Executive director and founder Michelle McBride said she was “frustrated” with the lack of selection of sports drinks and, after being helped by the dairy checkoff and other dairy groups, decided to do something about it.

“I didn’t want my son to have artificial-ingredient sports drinks that were offered at his baseball games,” said McBride. “I gave him chocolate milk after training as a healthier alternative and it was the inspiration to use milk as a source of hydration during physical activity.”

According to a press release, milk provides the necessary electrolytes and carbohydrates that the body uses to rehydrate and re-energize after physical activity. The company claimed some scientific studies showed that milk is better hydrated than other sports drinks and water.

However, the consistency and slow digestion of protein prevented plain milk from being a viable alternative. McBride’s company developed the formula of a clear milk-based drink that provides less sugar and more electrolytes than competing sports drinks. It also contains calcium and B vitamins, is lactose-free and does not require refrigeration.

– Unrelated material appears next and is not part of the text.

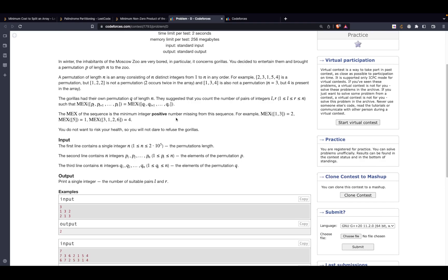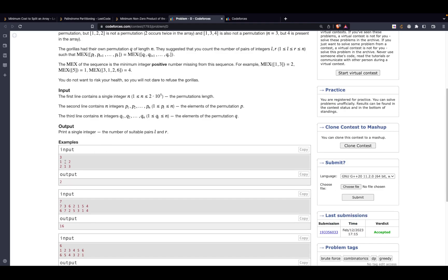So what is expected of us: they have given us two permutations — let's call one permutation P and the other Q. We have to find all pairs L and R such that the subarrays denoted by left point L and right point R have an equal MEX. MEX basically means the lowest positive integer missing from a set. So for example, if a subarray's MEX is 2 and another's is 3, they differ.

Dairy Management Inc. helped McBride bring their vision to life by connecting with industry experts and promoting their product. Greg Miller of the National Dairy Council is also a member of the GoodSport Nutrition Scientific Advisory Board. McBride grew her business quickly through Dairy Farmers of America’s 90-day start-up program.

Michelle McBride

“GoodSport wears the healthy halo of dairy,” said Marilyn Hershey, Pennsylvania dairy farmer who serves as chairwoman of DMI. “Not only does it provide delicious refreshments and nutrients from dairy products, but it also supports our industry’s sustainability mission. This gives people a new way to talk about milk, which is exciting for dairy farmers.”

McBride also received support from Kimberlee Burrington, Dairy Ingredients, Cultivated Products and Beverage Coordinator at the University of Wisconsin-Madison’s Center for Dairy Research. Burrington helped McBride learn about ultrafiltration, which helped turn milk into “a clear, light drink with a mouthfeel that consumers expect from a sports drink,” while preserving electrolytes and other nutrients.

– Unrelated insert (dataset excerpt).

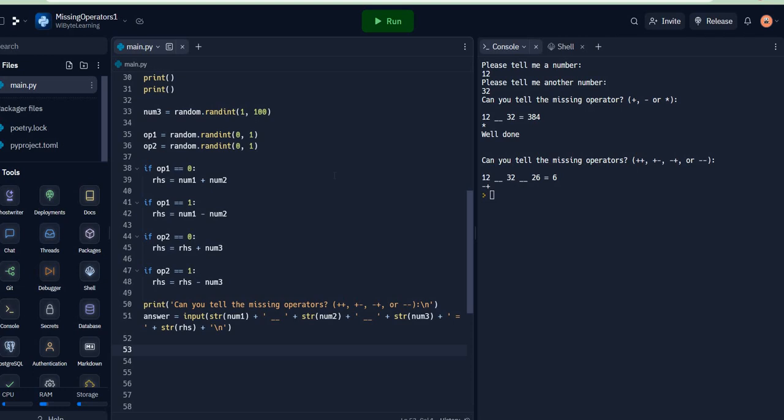Let's continue to build our missing operators game. We're at almost the final leg of this because we already are asking a question which is using two operators randomly chosen and three numbers. The only thing that we are left with is that we have to determine if the answer being provided by the user is correct or not. In fact, we had already done this. Let's go back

GoodSport also uses permeate, the by-product of ultrafiltration, to make cheese and other dairy products that are often viewed as waste. McBride’s product was later tested for hydration at Pennsylvania State University. The study found that the drink hydrated for two hours at a time.

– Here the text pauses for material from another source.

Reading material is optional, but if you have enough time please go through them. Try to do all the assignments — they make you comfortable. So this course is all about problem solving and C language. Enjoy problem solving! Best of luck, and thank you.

“Having spent my career in hydration and exercise performance research, I know that milk contains the ingredients for superior hydration, but no one has ever found a way to turn milk into an extremely effective and refreshing sports drink,” said Bob Murray . Co-founder and former director of the Gatorade Sports Science Institute who helped oversee the formulation of GoodSport. “It’s exciting to be part of the team that brings something completely new to the sports beverage category with superior hydration.”